Ce sujet fait l’objet de nombreux développements depuis quelque temps et leurs auteurs mettent en balance les avantages et inconvénients des diverses solutions proposées qui, dans l’ensemble, sont proches de celle préconisée par le général Schmitt dans notre numéro d’avril : une armée mixte. Dans ce texte, l'auteur, général commandant la 2e Division blindée (DB), rejoint cette idée en proposant l’extension et l’approfondissement du Volontariat service long (VSL).
Armée de métier ou de conscription ?
Les mutations technologiques, sociales et politiques qui caractérisent la dernière décennie du XXe siècle posent d’une manière accrue le problème de la nature des forces armées de la France dans le contexte européen. Une donnée nouvelle dicte le volume de celles-ci : ce n’est plus le potentiel démographique d’une nation qui conditionne la dimension des forces, mais le coût croissant des armements et des équipements de plus en plus perfectionnés et la part de richesse nationale que la nation accepte de consacrer à sa défense. Il en découle que les armées de masse ont vécu. Or, la France a établi la conscription à la fin du XVIIIe siècle pour recruter des troupes assez nombreuses afin de faire face à l’Europe coalisée, puis dans le courant du XXe siècle pour soutenir le conflit contre l’Allemagne. Désormais, avec la nouvelle donnée, se pose la question du maintien de la conscription ou du passage à une armée de métier.
Quels que soient les discours plus ou moins tendancieux à ce sujet, les Français n’ont que modérément admis la conscription et, d’une manière générale, ne s’y sont soumis que par nécessité. En effet, il est une constante historique : la France est bien une nation guerrière, mais pas militariste. Son histoire est bien là pour le démontrer, mais c’est plus l’entraînement des rapports de forces dans les relations internationales qui l’a conduite à mener des guerres qu’une vocation historique. Il en découle que, de toujours, la vie sous les armes n’a pas été spécifiquement recherchée par la majorité de la population.

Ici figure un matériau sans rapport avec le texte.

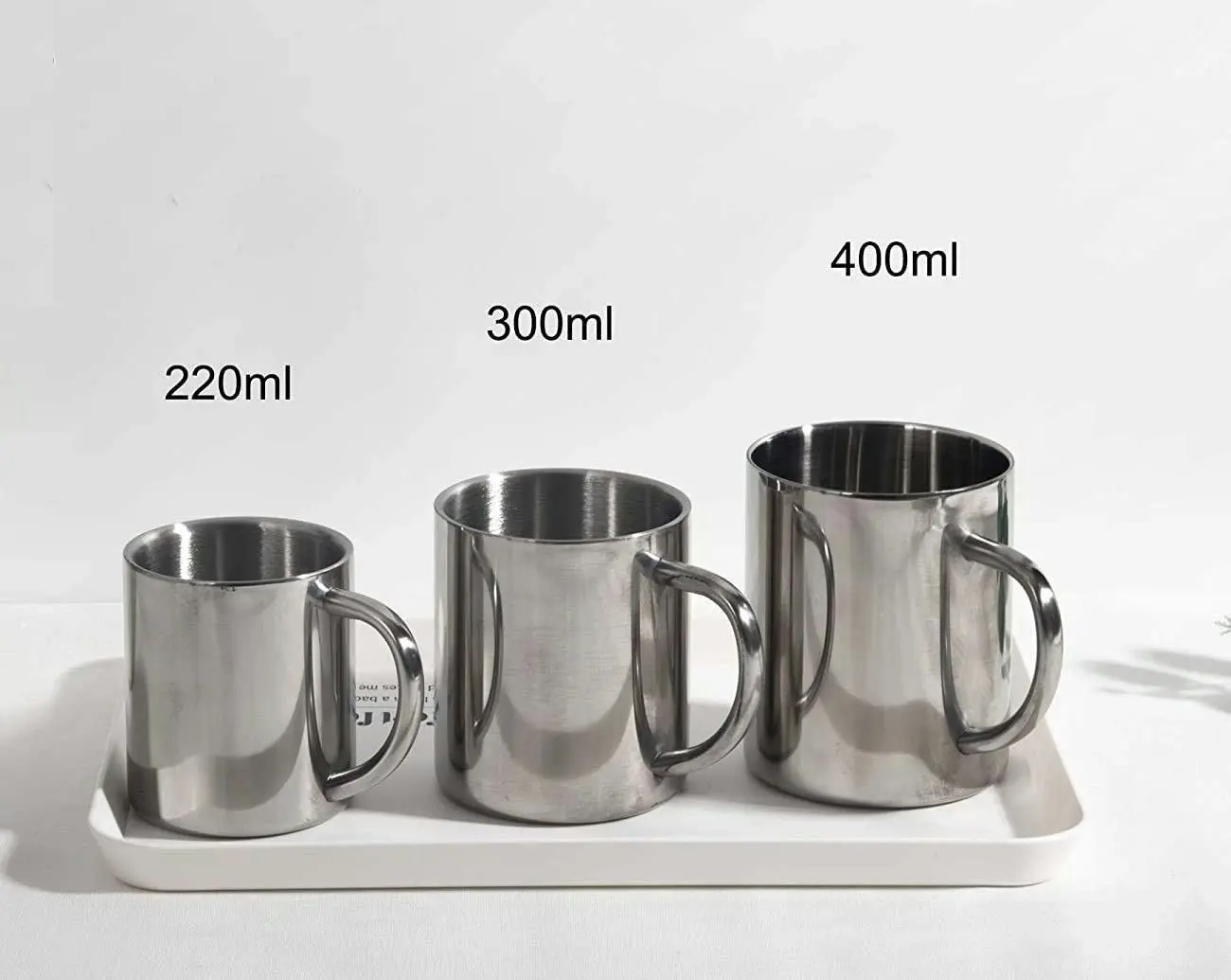 2 Pack Coffee Mugs Double Wall Stainless Steel Heat Insulation (220ml)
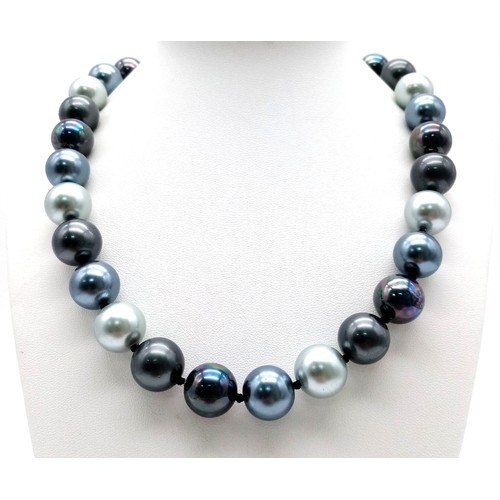 1298 - A Mysterious Metallic Shades of Grey and Silver South Sea Pearl Shell Necklace. 12mm beads. 42cm len... 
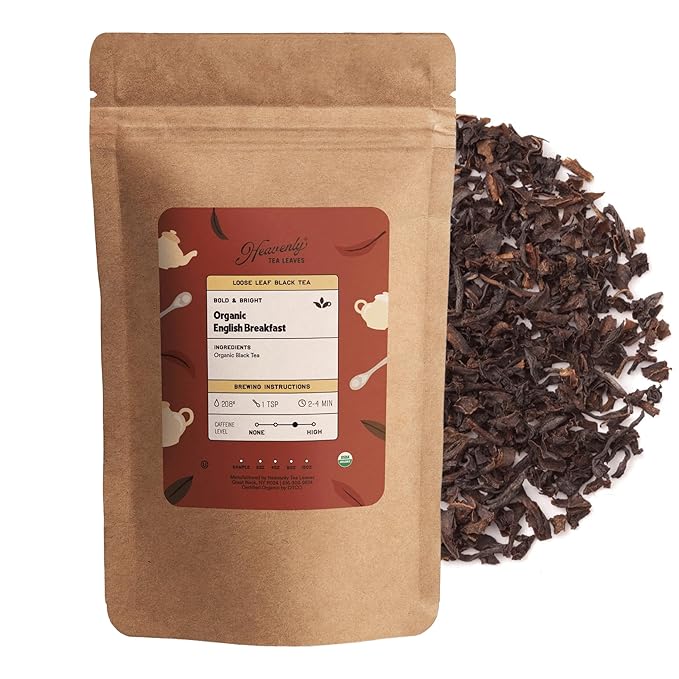 Heavenly Tea Leaves Organic English Breakfast, Loose Leaf Black Tea, 4 oz (Approx. 50 Cups) – Bold, Full-Bodied, Brisk & Smooth – Great Hot or Iced, High Caffeine, Premium Quality, USDA Organic
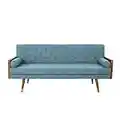 Christopher Knight Home Aidan Mid Century Modern Tufted Fabric Sofa, Blue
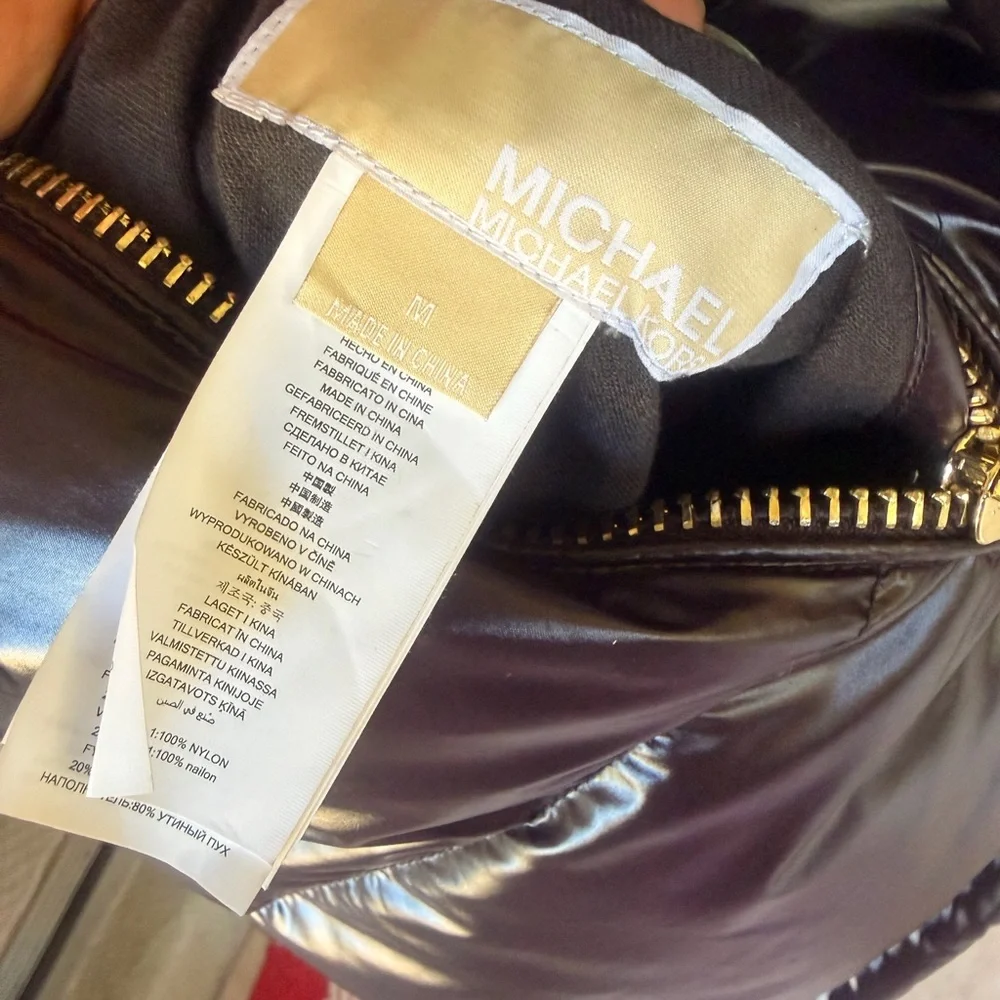 Michael Kors MK Monogram Dark Brown Reversible Puffer Jacket With Gold Hardware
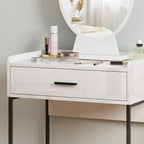 Dressing Table Set with Makeup Mirror, Drawer and Padded Stool, White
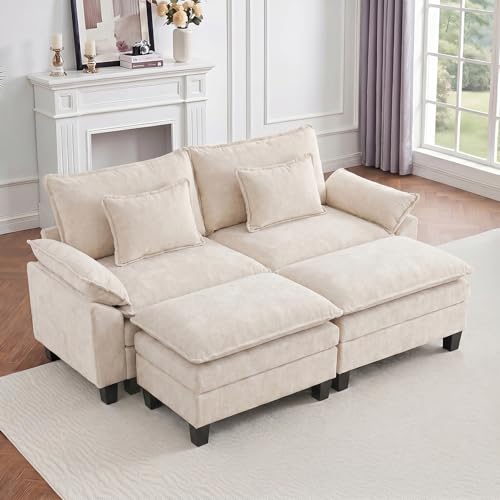 Image of IPKIG 82.3 inch Modular Cloud Couch with Storage, U Shaped Sectional Sofa with Ottoman & Pillow, Chenille Deep Seat Sectional Couches for Living Room, Apartment, White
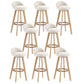 Contemporary Rubberwood Home Stool Footrest Upholstered Bar Stools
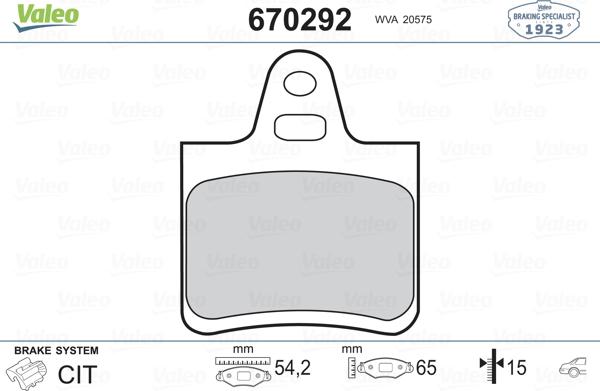 Valeo 670292 - Kit pastiglie freno, Freno a disco autozon.pro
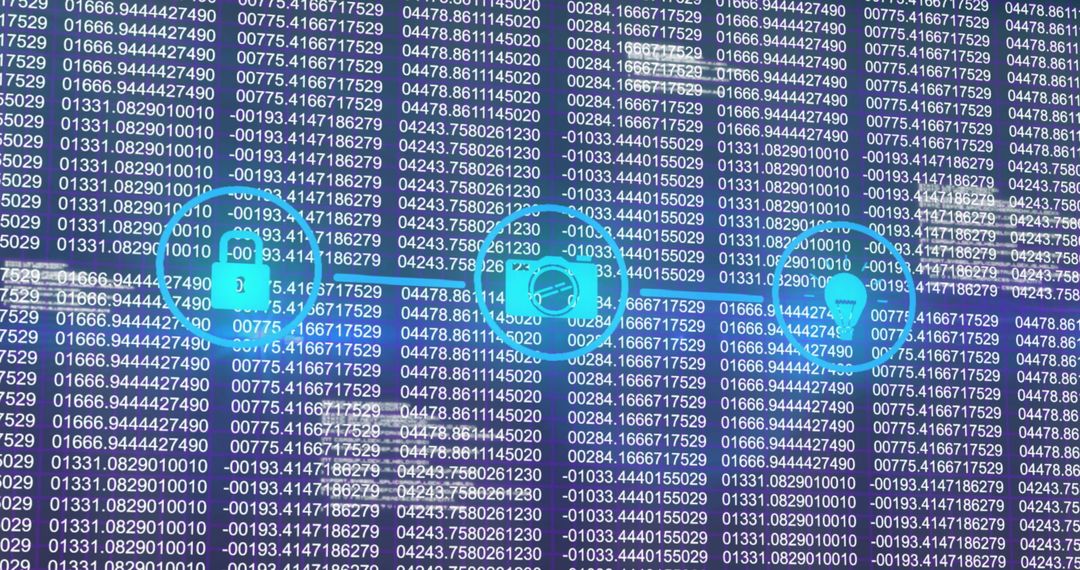 Abstract Digital Flowchart with Holographic Interface Icons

La monarchie le savait bien. Selon les lois coutumières du royaume, elle pouvait avoir recours à la levée en masse par la mobilisation et l’envoi aux armées en campagne des milices, qu’en vertu de la tradition féodale de l’appel au service de l’ost les communes et les paroisses étaient tenues de lever. Les monarques français ne se résolurent à cette mesure extrême que deux fois, au fond de l’abîme, après avoir épuisé toutes les autres solutions, y compris celle qui consistait à offrir la paix aux conditions exigées par l’adversaire. La première fois, ce fut pour aller à Bouvines, en 1214, contre la coalition composée par le Saint Empire romain germanique, l’Angleterre et les Flamands. La seconde et dernière fois, ce fut pour envoyer le maréchal de Villars à Denain, en 1712, après que Louis XIV, sur ses vieux jours et à bout de ressources, eut fait fondre sa vaisselle d’argent. Autrement, la monarchie recrutait une armée de métier parmi des engagés ou mercenaires français et étrangers et choisissait pour la commander aussi bien des Français que des étrangers.